No one was more outraged by Acting Governor Cuming’s decisions than the people of Bellevue. Although north of the Platte River, Bellevue had been somehow attached to the odious Omahans as part of a much larger Douglas County. In early December, upset citizens held a public meeting to secure the capitol at its rightful place and ended up accusing Cuming of accepting the bribes of Omaha City promoters. Acting Governor Cuming left the meeting in disgust, and in the words of Morton & Watkins, “ placed upon Bellevue the perpetual seal of “the deserted village.” The same book also points out that Bellevue’s failure to secure the capitol was “not backed up with material arguments sufficient to meet those of the Council Bluffs and Nebraska Ferry Company, which not only represented but constituted Omaha’s interests.”
Even as the animosity towards Cuming grew, the election to select a territorial legislature and a delegate to Congress went on as scheduled on December 12. Judge Deemer admitted that “nearly all the settlers of Mills, Fremont and Pottawattamie counties voted at these elections.“ Council Bluffs resident Hascal C. Purple was elected from Burt County although Deemer reported that “in fact he was elected by nine residents of Council Bluffs who went across the river on a hunt for that county in order that they might cast their votes on proper territory.
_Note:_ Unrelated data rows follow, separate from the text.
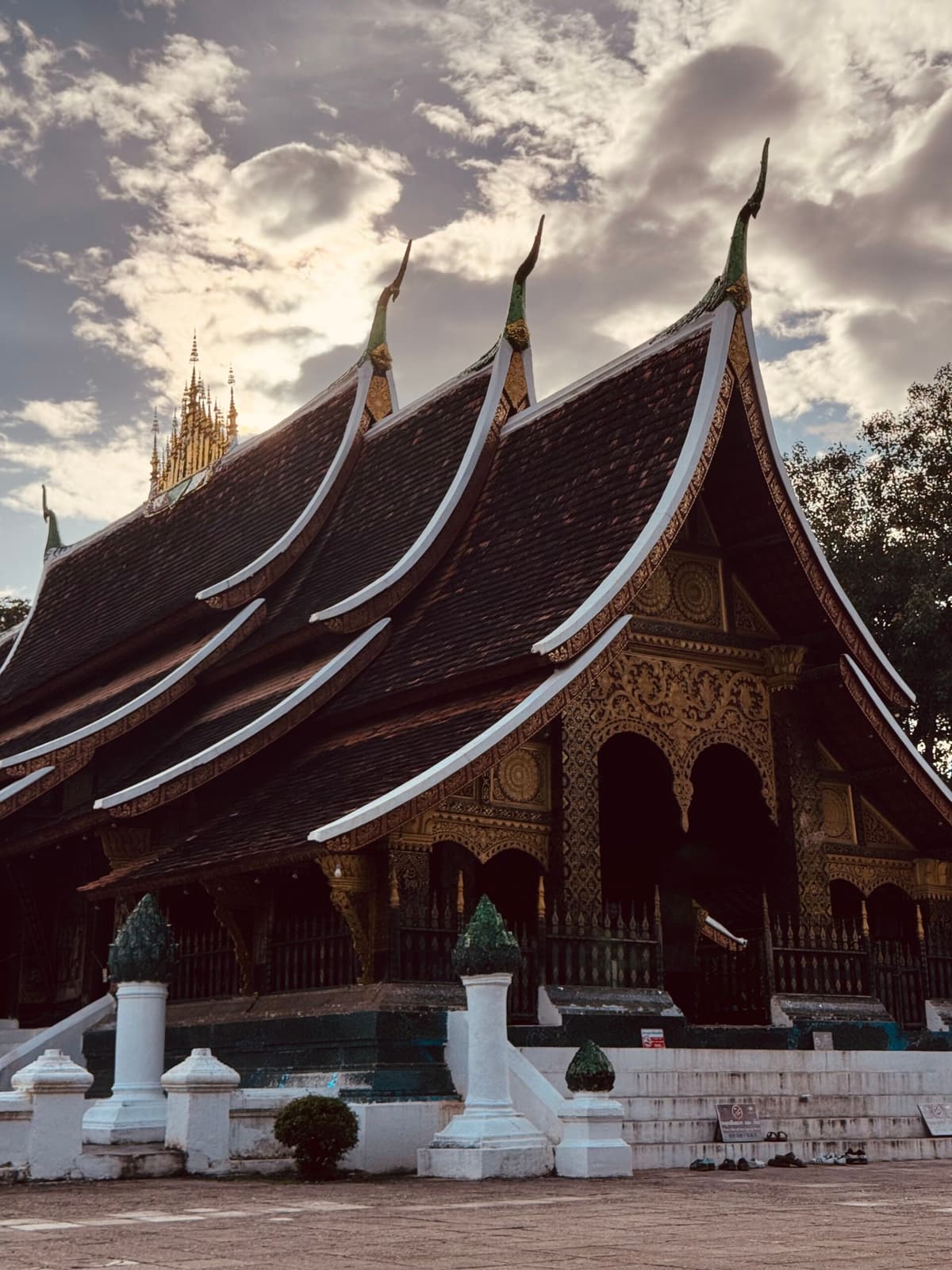 Los tejados bajos de largas curvas del Wat Xieng Thong, Luang Prabang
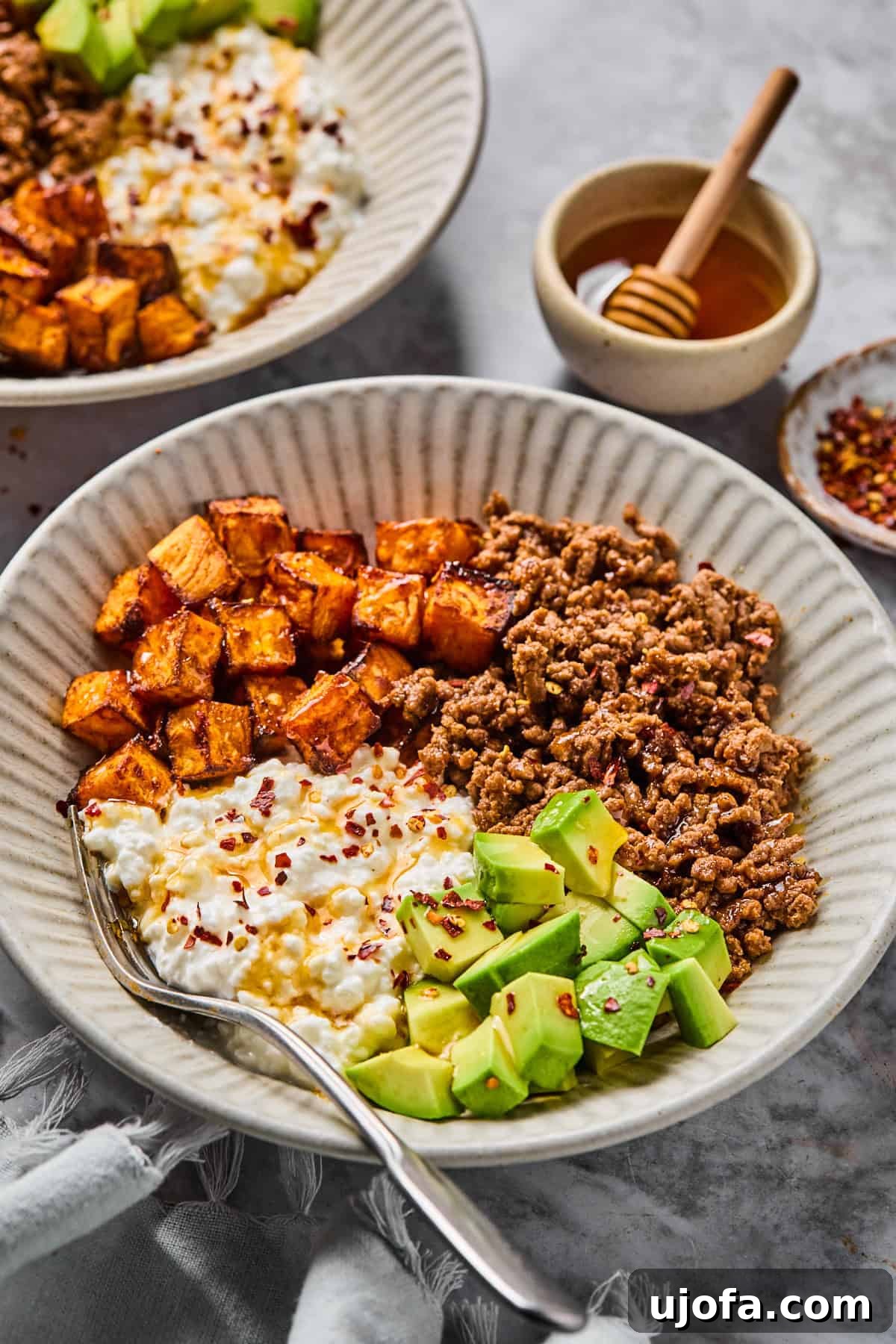 A beautifully assembled cottage cheese taco bowl, brimming with ground beef, avocado slices, roasted sweet potatoes, and a generous scoop of cottage cheese, artfully drizzled with hot honey and sprinkled with red pepper flakes.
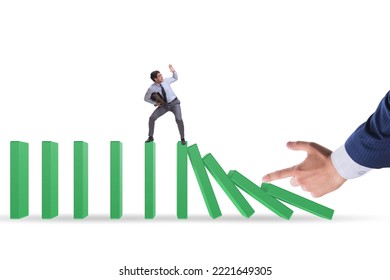 Businessman In Domino Effect Concept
They never in fact got into Burt County, but this had no effect upon the election returns.” Another Council Bluffs resident, James Megeath first visited Omaha “for the purpose of voting” although he waited until 1857 to move there. According to the 1882 History, many others remained “as permanent residents of Iowa.” A Missourian, Napeolon Gidding, beat out Iowa’s Hadley Johnson in the race for territorial delegate to Congress. But Gidding never moved to Nebraska either and shared other traits with the men from Iowa as Morton & Watkins described it, Gidding had only ventured to the west bank of the Missouri two weeks for the election and “brought no other property with him except a carpet-bag.“
The mood across the territory remained ugly, particularly down in Nebraska City where citizens gathered on December 15 to vent their frustrations. They unanimously declared Thomas Cuming an “unprincipled knave” and passed resolutions charging him “with neglecting to reside within the limits of the territory but keeping the actual seat of government in a foreign city” that we all know and love as Council Bluffs.
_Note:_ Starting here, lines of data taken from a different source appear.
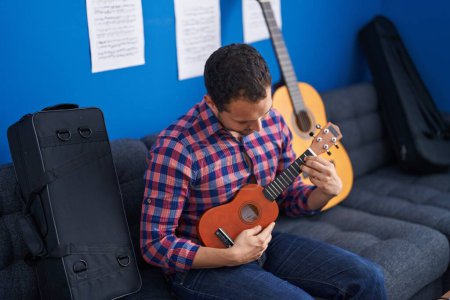 Téléchargez les photos : Jeune homme musicien jouant ukulele au studio de musique - en image libre de droit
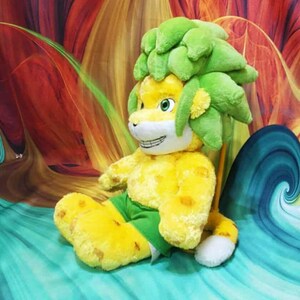May include: A plush toy lion with a yellow body, green shorts, and a green leafy mane. The lion has a smiling face with white teeth and is sitting on a teal and blue surface.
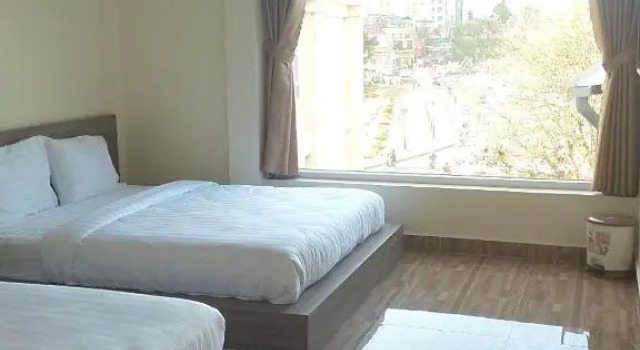 Четырёхместный номер Deluxe Nhật Nguyên Hotel
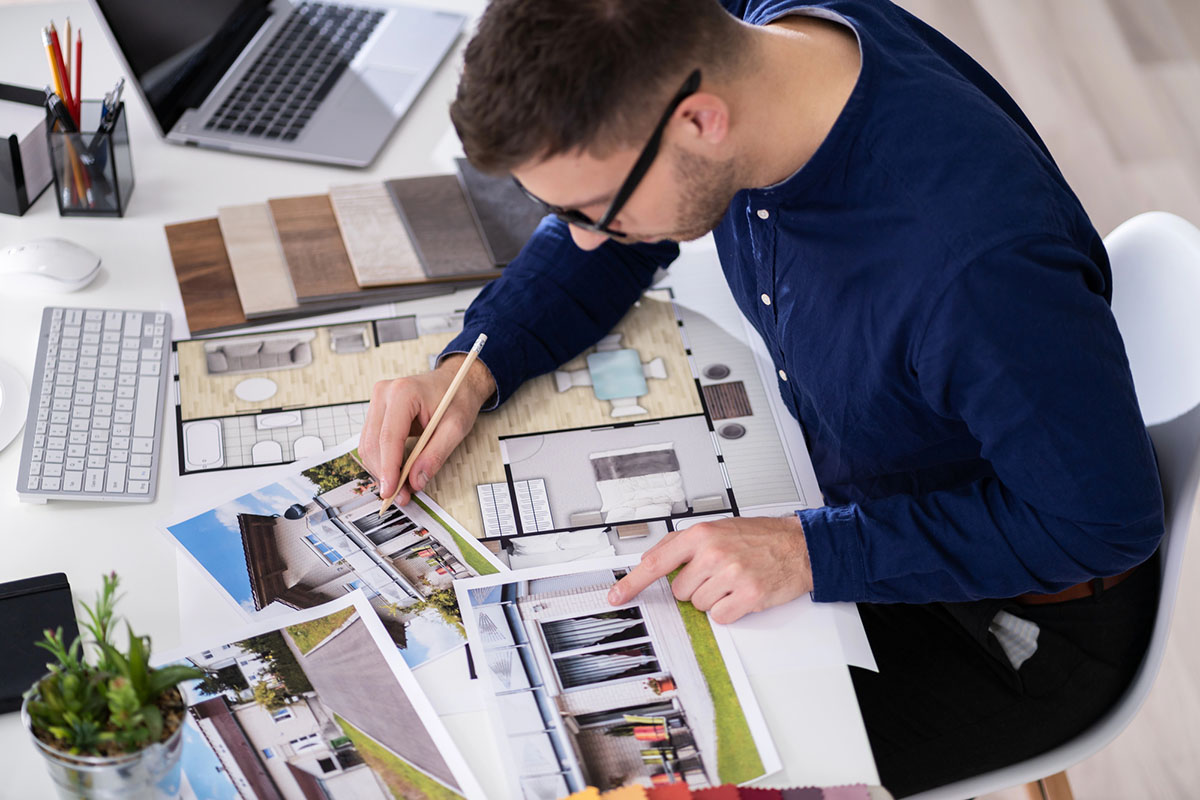 A man with glasses is seated at a desk, reviewing architectural plans and photographs of houses. He uses a pencil to make notes on the plans, surrounded by samples of flooring materials, a laptop, and a keyboard. A small plant is visible in the foreground.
Foreign or not, the interests of Council Bluffs and the ferry company in particular were successful and December 20 Cuming selected the date of January 16 to open the territorial legislature at Omaha City as that became the de facto seat of territorial government. Three days later Cuming proposed forming two regiments of militia in case of attack by Indians although anti-Omaha Nebraskans were probably more of an actual threat to his personal safety. Nineteen representatives from five counties met in Nebraska City on the December 30 with pleas to President Pierce and resolutions demanding Cuming’s removal from office as he was “neither an upright, honest nor honorable man” that “seeks rather to control than consult the people.”
Except in the far southwest corner, a similarly hostile mood had settled across most of Iowa where much public discontent had followed passage of the Kansas-Nebraska Act. An unlikely coalition brought together “Conscience” Whigs, Free-Soilers, Abolitionists, Know-Nothings, Prohibitionists, Germans, and disgusted Democrats in support of James Grimes successful election as Governor of Iowa under the “Opposition” or “Coalition” Party whose platform recognized the “binding force of the Missouri Compromise.” The Muscatine Democratic Enquirer lamented that “The all absorbing question of interest was ’Nebraska’.” Within a year in office Grimes was calling himself the first Republican Governor in the United States.
In early January 1855 another “anti-Cuming convention” was held in Bellevue that once again decried the fact that Cuming lived in Council Bluffs. Florence booster Jim Mitchell declared that the territorial census was total bunk as “the officer who took the census in Dodge county enrolled numbers in the grog shops of Council Bluffs. Omaha was supplied the same way.”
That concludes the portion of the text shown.